Ah, yes, I had a Google. They can grow big. Sounds good. 

Ah, okay, it sounds like the same as fig trees they take years to fruit. 

Well, hopefully, I can get something to help with that. 

Nausea is the worst anxiety that can really make you unwell. 

Thank you @ENKELI

Maybe I need to toughen up and not let things get to me so much. 

Re: Not Coping

@Birdofparadise8I think you are a gentle soul and do need to harden up but that in itself is difficult to just do. You can't just care one day and not the next. 

You might want to ask your psych to help you with that too. 

Remember that it takes time to change your way of thinking and how you react. 
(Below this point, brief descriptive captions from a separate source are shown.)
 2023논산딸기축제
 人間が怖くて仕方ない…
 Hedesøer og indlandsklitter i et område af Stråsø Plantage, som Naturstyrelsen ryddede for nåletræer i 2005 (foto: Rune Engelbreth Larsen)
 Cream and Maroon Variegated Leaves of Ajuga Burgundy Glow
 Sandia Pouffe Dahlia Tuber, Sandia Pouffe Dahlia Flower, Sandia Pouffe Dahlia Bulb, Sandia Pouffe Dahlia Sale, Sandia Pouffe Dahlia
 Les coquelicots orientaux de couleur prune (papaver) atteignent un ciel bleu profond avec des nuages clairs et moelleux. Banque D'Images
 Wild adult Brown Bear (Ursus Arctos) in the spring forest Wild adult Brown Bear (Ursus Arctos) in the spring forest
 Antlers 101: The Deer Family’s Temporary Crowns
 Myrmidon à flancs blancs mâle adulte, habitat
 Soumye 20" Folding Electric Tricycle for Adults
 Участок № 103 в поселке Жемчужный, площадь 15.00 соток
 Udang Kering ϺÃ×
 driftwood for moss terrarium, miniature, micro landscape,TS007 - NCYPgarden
The softest of people are usually the ones with the most scars.

 

Still trying to decide what to have for dinner!

Re: Not Coping

That is true. LOL, another thing on my list to ask my psych about is 

Hahha, what do you have at home? 

Do you use Office 365 much? @ENKELI 

Re: Not Coping

@Birdofparadise8 I have some mince in the fridge, plus some chicken sausages. I might do a shepherds pie. Dinner will be late!

 

I use Office 365 regularly, why is that sweetie?

Re: Not Coping

That will be late, lol @ENKELI 

Oh, I'm just trying to work something out on my Outlook email. 

And Excel is so annoying. I'm trying to do a graph. 

Do you know how to change the words where it says series?